Vaclav Kosar's face photo
Vaclav Kosar
Software, Machine Learning, & Business

Feed-Forward, Self-Attention & Key-Value

Feed-forward layer is similar to cross-attention as observed in SwiGLU and All-attention.

Have you forgotten about Transformer’s feed-forward layer? It eats 2/3 of the model params!

The last post on LambdaNetwork sketches self-attention as a differentiable query of a key-value store. The Transformer’s feed-forward sublayer is similar to the cross-attention attending to a separate sequence via key and value input. So, it is a bit like differentiable key-value memory.

Can we gain more understanding of Transformer model operation by looking at the feed-forward layer?

Where is Feed-Forward Layer?

Where is Feed-Forward layer within the architecture exactly? Feed-forward layer camps within encoder and decoder layers as a sublayer just behind the self-attention sub-layer.

Transformer encoder layers. Feed-forward is a sub-layer after the self-attention.
Transformer encoder layers. Feed-forward is a sub-layer after the self-attention (source)

What is Feed-Forward Layer?

  • It is a position-wise transformation that consists of linear transformation, ReLU, and another linear transformation.

  • formula: \( \mathrm{ffLayer} = \sum_i \mathrm{relu}(q_i k_i^\intercal + b_i) v_i + c\)

  • Don’t forget the residual connections and their addition and normalization to outputs of both feed-forward and self-attention.

Transformer Feed-Forward Layer
Transformer Feed-Forward Layer

Feed-Forward Layer vs Cross-Attention

Have you noticed that the feed-forward sublayer is akin to key-value memory of the self-attention except for non-linearity is ReLU and bias-terms \( b, c \)?

\( \mathrm{keyValMemory} = \sum_i \mathrm{softmax}(q_i k_i^\intercal) v \)

More specifically feed-forward layer is a bit like a cross-attention with a trainable embedding sequence.
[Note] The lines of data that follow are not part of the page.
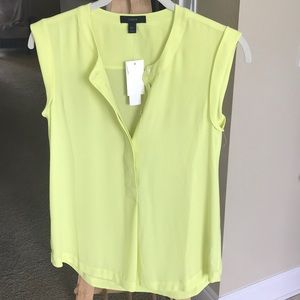 New tags sleeveless blouse j.crew sz 00 lime green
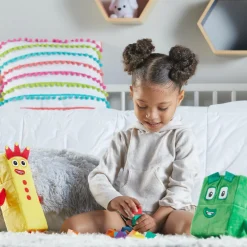 Learning Resources Numberblocks plys - Tre og Fire| Matematik & Leg|Bamser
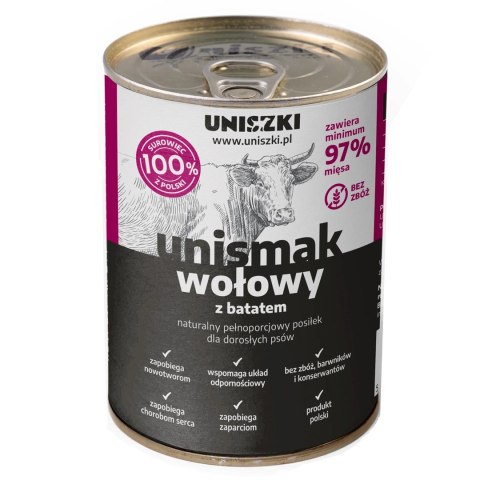 UNISZKI Unismak Wołowina 410g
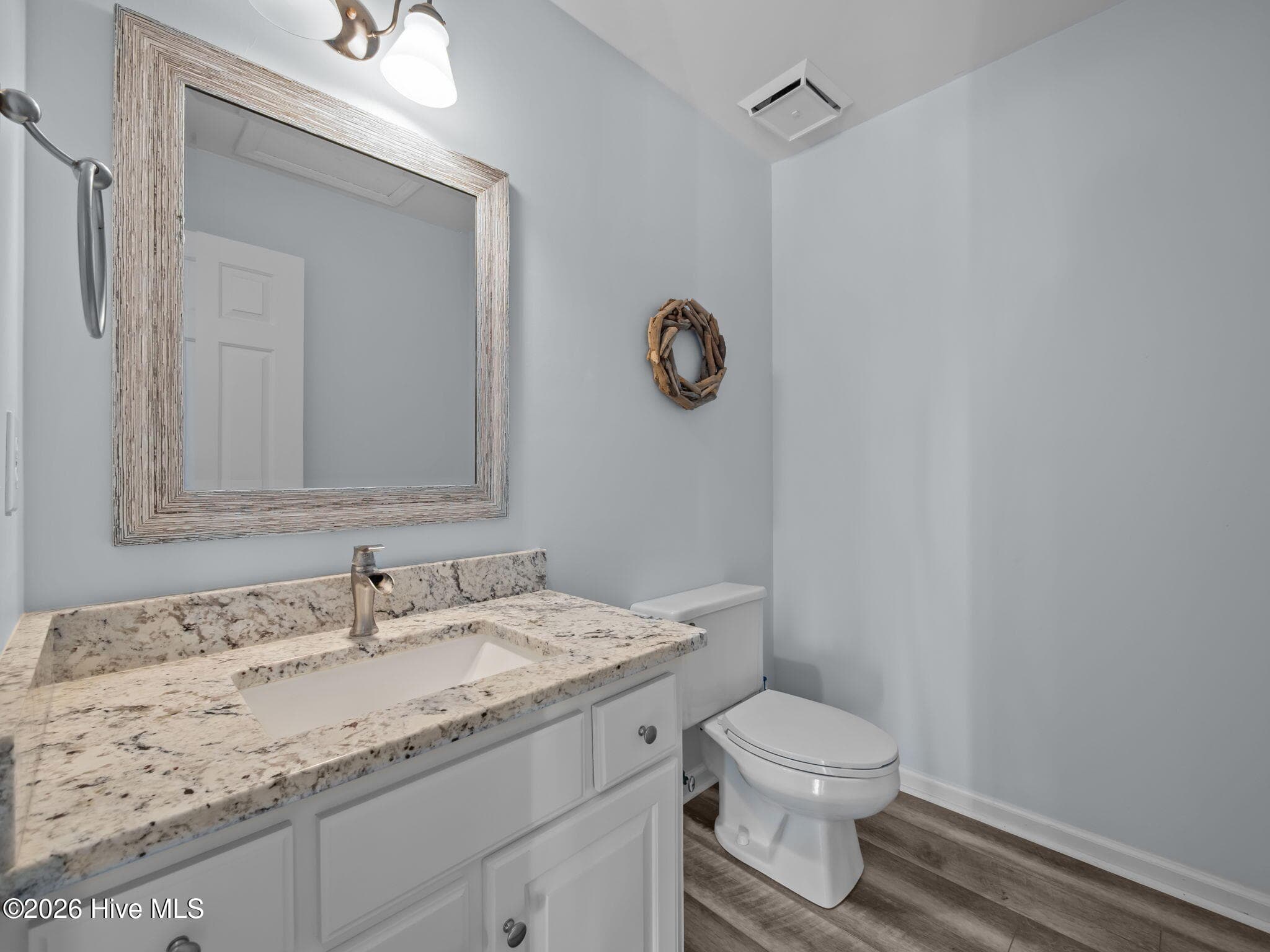 Comfortable Half Bath - 5415 Cedar Tree Lane, Emerald Isle, NC 28594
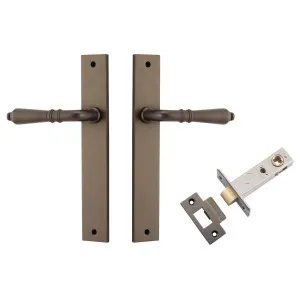 Sarlat Lever Rectangular Backplate Passage Kit Signature Brass by Iver, a Door Hardware for sale on Style Sourcebook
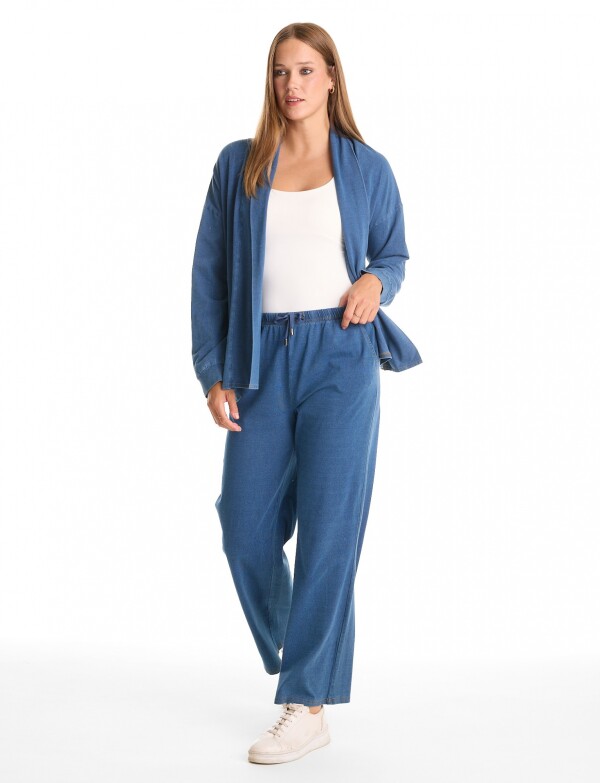 Cardigan Denim Abierto JEAN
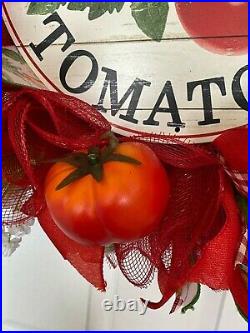 Tomatoes in the Market, Wreath, Summer, Spring, Vegetables, garden, Handcrafted
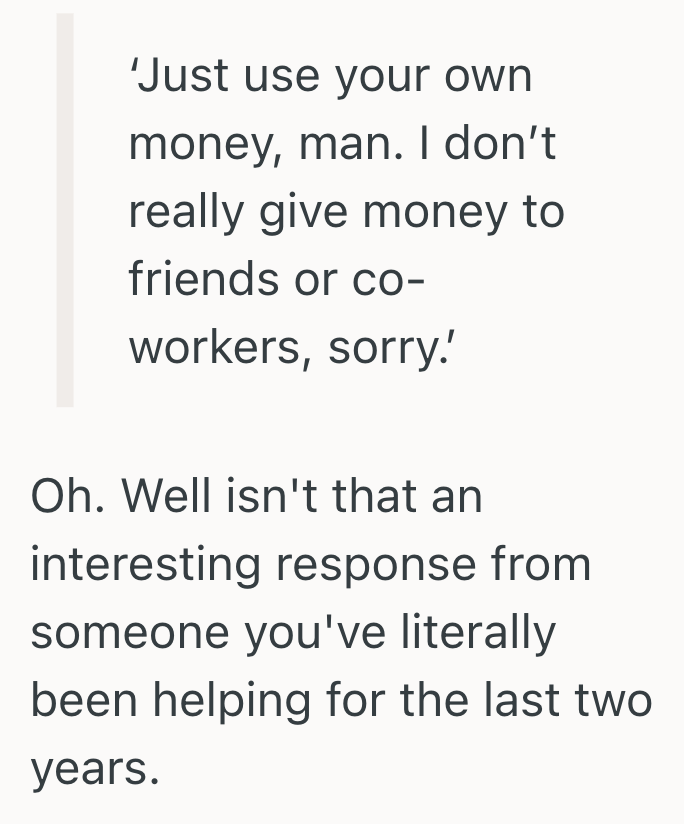 Screenshot 2025 03 12 at 2.38.18 PM He Offered Free Rides To His Co Worker For Two Years, But When He Asked For A Small Favor In Return, His Colleague Left Him High And Dry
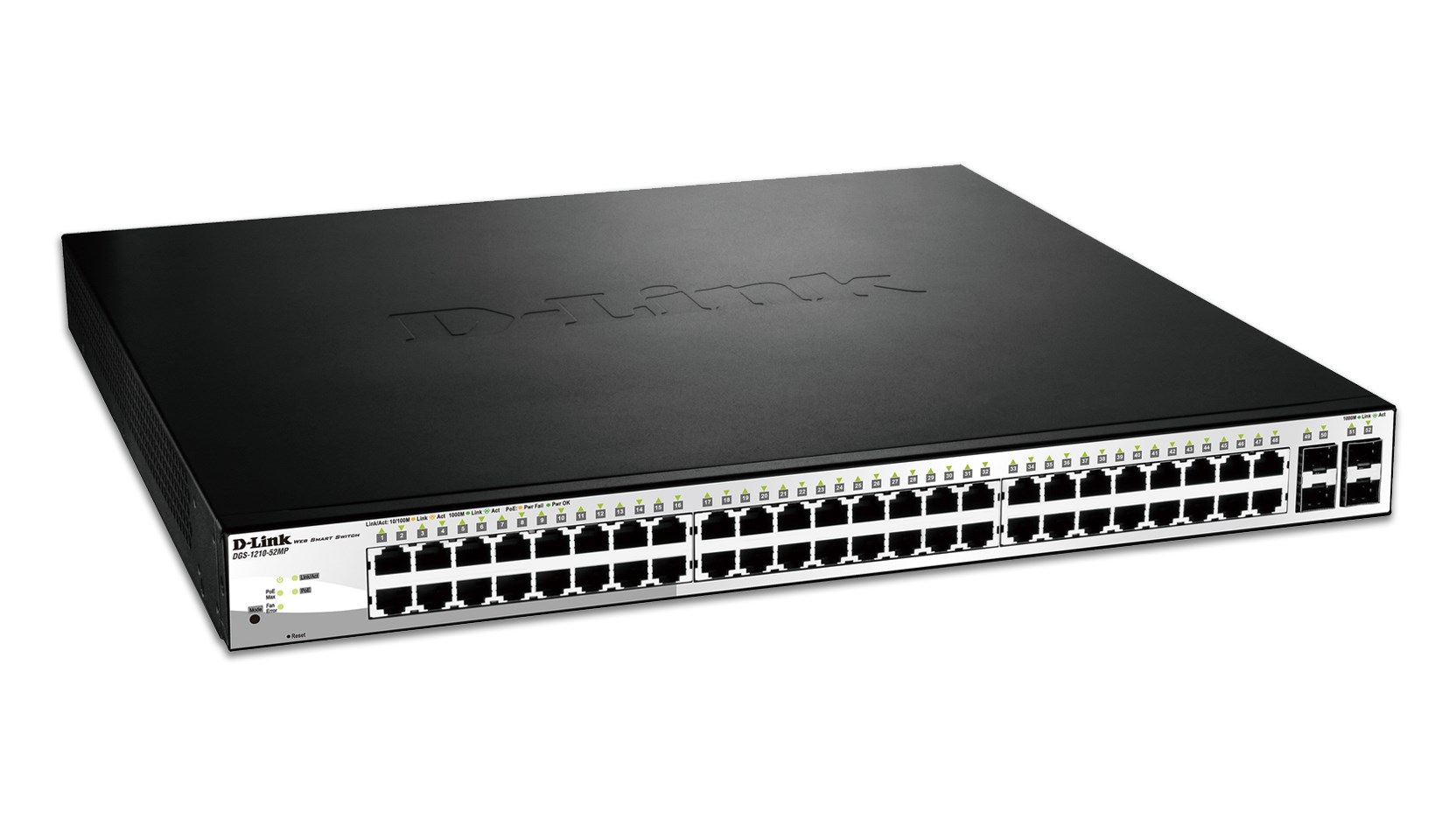 D-Link DGS-1210-52MP Vadīts L2 Gigabit Ethernet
Augmenting Self-attention with Persistent Memory paper saw the similarity of feed-forward sublayer and self-attention and suggested an architecture simplification. They restated the feed-forward layer, incorporated it into the self-attention sublayer, and named the new block “All-attention”. And they reportedly slightly outperformed the vanilla model on the next token prediction task.

All-attention: feed-forward layer restated as self-attention

Google’s PaLM model authors adopted gated linear unit (GLU) based modification to their feed-forward layer, which is midly similar to cross-attention:

SwiGLU Modified Feed-Forward Layer

  • instead of RELU \( max(0, xW_1 + b_1)W_2 + b_2 \) uses SwiGLU \( (\mathrm{Swish}(xW_1) \otimes xV ) W_2 \)
  • gated linear unit (GLU) is a sigmoid controlled output
  • midly similar to cross-attention with a static sequence
  • ~1% higher accuracy in compute equivalent setup
  • swish activation: \( \mathrm{Swish}(x) := x (1 + exp(−x))^{−1} \)
  • used in PaLM model

But does the feed-forward sublayer really behave like key-value memory not only talk a talk?

Feed-Forward Key-Value Memories - Empirical Study

In Transformer Feed-Forward Layers Are Key-Value Memories authors show that feed-forward layer does walk the walk of a key-value store.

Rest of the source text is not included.